When we were kids, we imitated him by holding pocket combs under our noses and stretching our arms out in a stiff salute. “Heal Hitler.”

That was always good for a laugh—at first.

The laughter died about the time I entered high school. That’s when Adolph Hitler set out on his maniacal quest to conquer Europe. In a thunderous speech to a jubilant crowd at the Circus Krone in Munich, he shouted, “It is the rightful destiny of the Aryan master race.”

Under Hitler, Nazi Germany had built-up a massive war machine in the early ‘30s—the most powerful military force in the world at that time.

In 1936, he made his move. He sent troops into the demilitarized Rhineland, a buffer zone between France and Germany. Then, teaming up with Mussolini, the strutting Italian black shirt, Hitler proclaimed to the world a militant Rome-Berlin axis.

In 1937, the two axis powers tested their weapons on the side of Franco’s fascist rebels during the tragic civil war in Spain. At the same time, Hitler intensified a cruel, diabolical pogrom against the Jews.
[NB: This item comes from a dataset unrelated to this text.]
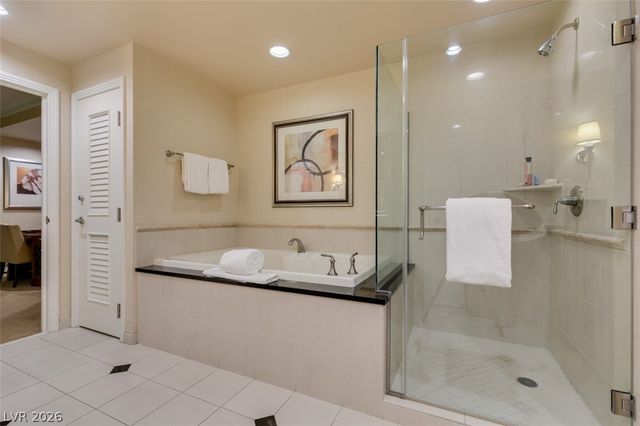125 East HARMON Avenue 2821, Las Vegas, NV 89109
In 1938, Nazi Germany annexed Austria in a bloodless coup d’état. Nazi storm troops marched across the border and took over the country with little more than anguished hand wringing on the part of the British and the French. Hitler then threatened war as his forces occupied Sudetenland, the western half of Czechoslovakia.

In early 1939, he renounced a “peace with honor” pact signed previously in Munich with Britain and he seized the remainder of Czechoslovakia.

Each new crisis raised the stakes. A mounting apprehension spread throughout Europe—and the US.

On that sunny day in June 1939, when Dan Borich, Joe Volk, Pete Zanetos and I graduated from Washington High School, Europe reeled on the brink of war.

***

The truth hit me hard that summer. I had no money for college. If I wanted to attend the University of Oregon, I’d have to get a job, go to work, and save enough to make it on my own.

I combed a sprinkling of help wanted ads, jumped on every job rumor, talked with my Mother’s friends, and friends of friends, and started making the rounds.

On the Horizon

Adolf Hitler, the triumphal conqueror, now controlled the bulk of Western Europe-—from the Pyrenees to the Arctic Circle, from the Atlantic to beyond the Vistula.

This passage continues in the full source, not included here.